Not to say that they are all bad, or even that they are all liars. But what's the harm in double checking their stories? What's the cost of letting them know that while we trust them, we are still going to verify what they tell us with someone else- someone older and possibly someone wiser?
I see no harm in letting my kids know that while I love them; would die or kill for them; when it comes to the little stuff- like whether or not a friend's parent said, "Yes, I'll pick them up and drop them off".
Or, "No, I don't have homework this year".
Or, "Don't call my mom, I can get in"- I will spend the two minutes to corroborate their story.
I call that good parenting. Because teenagers lie. Not necessarily to be 'bad' or to do something underhanded, sometimes they lie because it's expedient, and there is something they want.
I remember my own mother double checking EVERYTHING I said. It never bothered me- unless I was doing something I shouldn't have been doing. And yes, we went through a thousand hoops to make our stories more believable. But mom knew anyways. Because she bothered to check. And just KNOWING that she would check kept me from doing a thousand WORSE things- just in case.
Because that's what a good mother does. They double check everything a teenager tells them- until the teen is so convinced of being caught that they stop trying to lie. I told my mom just about everything, because I was firmly convinced she'd catch me anyways. I believed, and still do, that she is omnipotent, omnipresent, and all powerful: all knowing, all loving and all seeing. That's what I think a good mother should be.
And my momma is. In fact, I'm pretty sure she can see me right now. Fine. I put the crackers away. Happy?

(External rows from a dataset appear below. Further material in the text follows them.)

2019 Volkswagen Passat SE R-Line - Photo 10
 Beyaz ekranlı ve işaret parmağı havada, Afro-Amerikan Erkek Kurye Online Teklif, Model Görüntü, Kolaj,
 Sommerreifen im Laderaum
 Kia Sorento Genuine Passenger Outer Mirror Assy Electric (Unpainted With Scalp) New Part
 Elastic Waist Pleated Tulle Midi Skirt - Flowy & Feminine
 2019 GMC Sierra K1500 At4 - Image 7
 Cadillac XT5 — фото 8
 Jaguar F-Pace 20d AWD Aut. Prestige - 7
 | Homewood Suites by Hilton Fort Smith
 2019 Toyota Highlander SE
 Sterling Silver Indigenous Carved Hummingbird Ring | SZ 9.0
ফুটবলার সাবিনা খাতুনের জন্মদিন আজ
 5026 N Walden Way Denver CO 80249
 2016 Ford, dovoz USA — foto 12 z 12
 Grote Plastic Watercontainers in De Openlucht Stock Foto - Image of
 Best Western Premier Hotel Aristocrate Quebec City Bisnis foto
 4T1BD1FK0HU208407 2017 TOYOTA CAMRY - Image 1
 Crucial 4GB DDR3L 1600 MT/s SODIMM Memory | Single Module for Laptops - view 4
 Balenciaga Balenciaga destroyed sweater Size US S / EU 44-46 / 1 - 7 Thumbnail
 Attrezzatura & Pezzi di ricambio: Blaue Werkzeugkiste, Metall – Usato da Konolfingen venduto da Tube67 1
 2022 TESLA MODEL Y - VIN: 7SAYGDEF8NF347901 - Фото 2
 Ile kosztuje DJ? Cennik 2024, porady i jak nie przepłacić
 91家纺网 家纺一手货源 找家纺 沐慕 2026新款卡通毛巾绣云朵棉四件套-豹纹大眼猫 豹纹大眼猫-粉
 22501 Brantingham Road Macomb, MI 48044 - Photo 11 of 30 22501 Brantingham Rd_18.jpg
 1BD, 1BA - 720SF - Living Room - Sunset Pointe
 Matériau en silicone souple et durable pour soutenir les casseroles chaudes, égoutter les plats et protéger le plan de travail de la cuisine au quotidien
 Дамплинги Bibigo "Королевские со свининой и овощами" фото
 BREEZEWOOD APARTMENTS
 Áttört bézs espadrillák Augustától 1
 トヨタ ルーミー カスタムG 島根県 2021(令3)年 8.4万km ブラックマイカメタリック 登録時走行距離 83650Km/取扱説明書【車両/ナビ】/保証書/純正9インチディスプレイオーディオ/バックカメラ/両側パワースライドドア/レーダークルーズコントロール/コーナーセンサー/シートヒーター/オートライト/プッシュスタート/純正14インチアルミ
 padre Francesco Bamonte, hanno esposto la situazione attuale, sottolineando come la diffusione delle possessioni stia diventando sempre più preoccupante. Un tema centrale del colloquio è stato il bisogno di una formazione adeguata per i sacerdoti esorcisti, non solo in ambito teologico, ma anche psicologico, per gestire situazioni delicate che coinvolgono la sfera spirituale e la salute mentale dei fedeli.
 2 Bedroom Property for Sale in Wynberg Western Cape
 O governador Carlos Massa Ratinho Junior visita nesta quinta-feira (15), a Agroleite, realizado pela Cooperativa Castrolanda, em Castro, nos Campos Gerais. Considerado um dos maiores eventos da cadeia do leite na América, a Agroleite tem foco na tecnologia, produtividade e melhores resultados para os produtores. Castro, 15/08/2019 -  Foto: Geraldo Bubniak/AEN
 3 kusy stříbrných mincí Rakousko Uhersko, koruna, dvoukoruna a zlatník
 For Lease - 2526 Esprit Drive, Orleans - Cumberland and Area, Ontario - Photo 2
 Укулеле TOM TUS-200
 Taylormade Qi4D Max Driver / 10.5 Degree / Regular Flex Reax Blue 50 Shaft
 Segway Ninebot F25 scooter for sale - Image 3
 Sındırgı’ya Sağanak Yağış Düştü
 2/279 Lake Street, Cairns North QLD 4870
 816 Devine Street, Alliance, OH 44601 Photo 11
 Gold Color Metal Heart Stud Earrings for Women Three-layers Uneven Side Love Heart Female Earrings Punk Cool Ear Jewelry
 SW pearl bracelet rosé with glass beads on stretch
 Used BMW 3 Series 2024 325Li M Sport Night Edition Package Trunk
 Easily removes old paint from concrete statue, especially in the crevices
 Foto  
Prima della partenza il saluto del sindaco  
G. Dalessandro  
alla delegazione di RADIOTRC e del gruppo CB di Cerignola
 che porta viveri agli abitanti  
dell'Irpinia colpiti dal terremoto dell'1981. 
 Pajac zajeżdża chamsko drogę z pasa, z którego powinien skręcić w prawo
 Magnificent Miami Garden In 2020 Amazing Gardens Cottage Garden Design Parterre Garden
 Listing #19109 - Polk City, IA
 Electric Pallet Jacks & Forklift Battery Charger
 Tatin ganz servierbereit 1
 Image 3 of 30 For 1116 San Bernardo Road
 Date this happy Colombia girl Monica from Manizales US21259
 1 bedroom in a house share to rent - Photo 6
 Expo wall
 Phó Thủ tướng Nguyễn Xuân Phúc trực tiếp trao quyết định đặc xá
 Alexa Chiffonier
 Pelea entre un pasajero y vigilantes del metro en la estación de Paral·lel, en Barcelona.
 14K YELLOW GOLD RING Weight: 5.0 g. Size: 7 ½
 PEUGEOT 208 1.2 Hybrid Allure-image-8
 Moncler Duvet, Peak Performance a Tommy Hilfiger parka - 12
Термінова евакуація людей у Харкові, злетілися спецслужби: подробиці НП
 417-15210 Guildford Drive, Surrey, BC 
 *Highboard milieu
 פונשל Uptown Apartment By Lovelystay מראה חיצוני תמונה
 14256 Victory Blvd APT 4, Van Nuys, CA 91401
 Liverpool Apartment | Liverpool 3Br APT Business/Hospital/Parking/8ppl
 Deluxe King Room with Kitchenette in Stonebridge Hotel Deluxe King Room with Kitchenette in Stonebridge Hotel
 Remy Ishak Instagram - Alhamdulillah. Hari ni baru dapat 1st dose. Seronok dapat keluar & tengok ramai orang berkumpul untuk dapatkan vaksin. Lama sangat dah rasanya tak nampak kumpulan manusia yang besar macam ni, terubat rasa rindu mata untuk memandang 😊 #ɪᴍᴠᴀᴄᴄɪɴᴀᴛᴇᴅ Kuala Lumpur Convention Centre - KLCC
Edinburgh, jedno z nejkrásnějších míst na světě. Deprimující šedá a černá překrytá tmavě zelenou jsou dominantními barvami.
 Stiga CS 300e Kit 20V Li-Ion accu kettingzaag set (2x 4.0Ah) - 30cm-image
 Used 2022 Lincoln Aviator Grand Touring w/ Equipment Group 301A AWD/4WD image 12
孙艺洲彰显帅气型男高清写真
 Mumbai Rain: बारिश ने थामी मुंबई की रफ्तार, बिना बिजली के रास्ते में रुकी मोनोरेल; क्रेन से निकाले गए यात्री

EDIT: Bugs' punishment for this little episode was having to call grampa #2, admit that it was his own lie that got him into the scrape (and he did call, albeit bawling his eyes out the entire time) and write a letter of apology to his nana and grampa for intentionally misleading them into a precarious situation (where I could have placed the entire blame on them and been a complete bitch about it).
And the best part, the absolute best, was the part where I told him, had nana called me, I'd have given the okay for him to play outside- I'd have simply come home earlier. He was gobsmacked that he could have done what he'd wanted to do in the first place, simply by asking permission.